I could picture it perfectly in my mind, but could I explain it to him? “I want a bubble—clear, but a little bit sparkly pink, too.”
“Bubble, check.” He made a checkmark in the air, and a tiny pink bubble floated free from the bend of the check.
“Bigger than that, of course,” I amended. “And I want it to float at eye level, know who it’s for, and then sing an invitation that only the person it’s meant for can hear when she pops it.”
“Wow.” He looked half stunned and half impressed—which left
me
half stunned and half impressed. I guess I had a little Talent in the invitation design department. “You really meant it when you said you wanted a one-of-a-kind invitation, didn’t you?”
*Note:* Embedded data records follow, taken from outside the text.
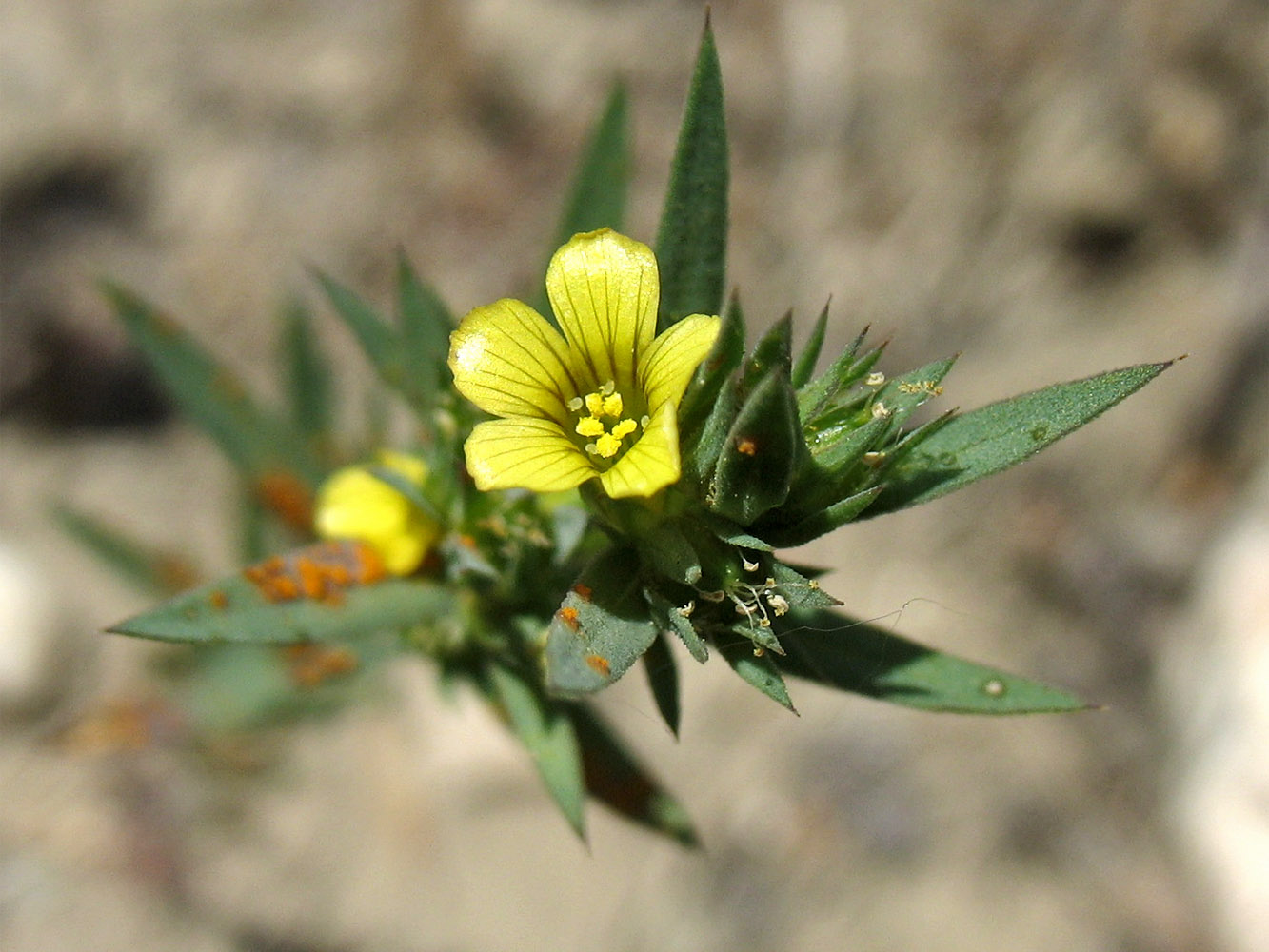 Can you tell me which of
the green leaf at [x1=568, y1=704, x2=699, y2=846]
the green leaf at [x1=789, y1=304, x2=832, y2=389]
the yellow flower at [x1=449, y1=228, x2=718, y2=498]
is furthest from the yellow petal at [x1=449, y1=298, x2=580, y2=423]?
the green leaf at [x1=568, y1=704, x2=699, y2=846]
“Of course.” His reaction made me pretty sure I was on the right track for a kewler than kewl party.
“Okay.” He closed his eyes to think.
“Do you think that will be kewl enough?” I asked anxiously. “Or should it have some fireworks, too? Or maybe a shower of glittery micro-mini bubbles could be released when it pops?”
He opened his eyes and stared at me for a few seconds. “Sometimes simple is better.”
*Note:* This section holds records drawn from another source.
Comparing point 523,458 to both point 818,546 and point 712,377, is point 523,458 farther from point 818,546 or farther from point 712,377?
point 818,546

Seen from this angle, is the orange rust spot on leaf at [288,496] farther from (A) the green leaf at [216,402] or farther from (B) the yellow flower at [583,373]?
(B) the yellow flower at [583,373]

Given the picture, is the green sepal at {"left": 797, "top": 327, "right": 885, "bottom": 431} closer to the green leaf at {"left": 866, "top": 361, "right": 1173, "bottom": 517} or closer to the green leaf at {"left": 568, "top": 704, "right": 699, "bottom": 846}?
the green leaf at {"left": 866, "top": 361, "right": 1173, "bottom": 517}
Boys. What do they know? “Sure. But not when you’re talking about the sweet sixteenth!”
“Okay, okay.” He held up his hands in surrender to my ideas. “We can do it. No problem. But we’ll need to use some things from your potions cupboard.”
“No problem.” And really, it wasn’t, now that I knew we had a potions cupboard.
It took some figuring—and Samuel did most of the work, I admit. But I learned a lot and got some really kewl invitations out of the tutoring session too.
It was funny. Back in Beverly Hills there was so much competition about who was going to throw the sweet sixteen party of the year. I’d seen invitations made in chocolate, silk, and carefully fanned gold foil. And the parties got wilder from there. But the kewl kids back at Beverly Hills would be sooooo jealous to see my invitations. If they could ever know about this magic stuff. Which they couldn’t. Bummer.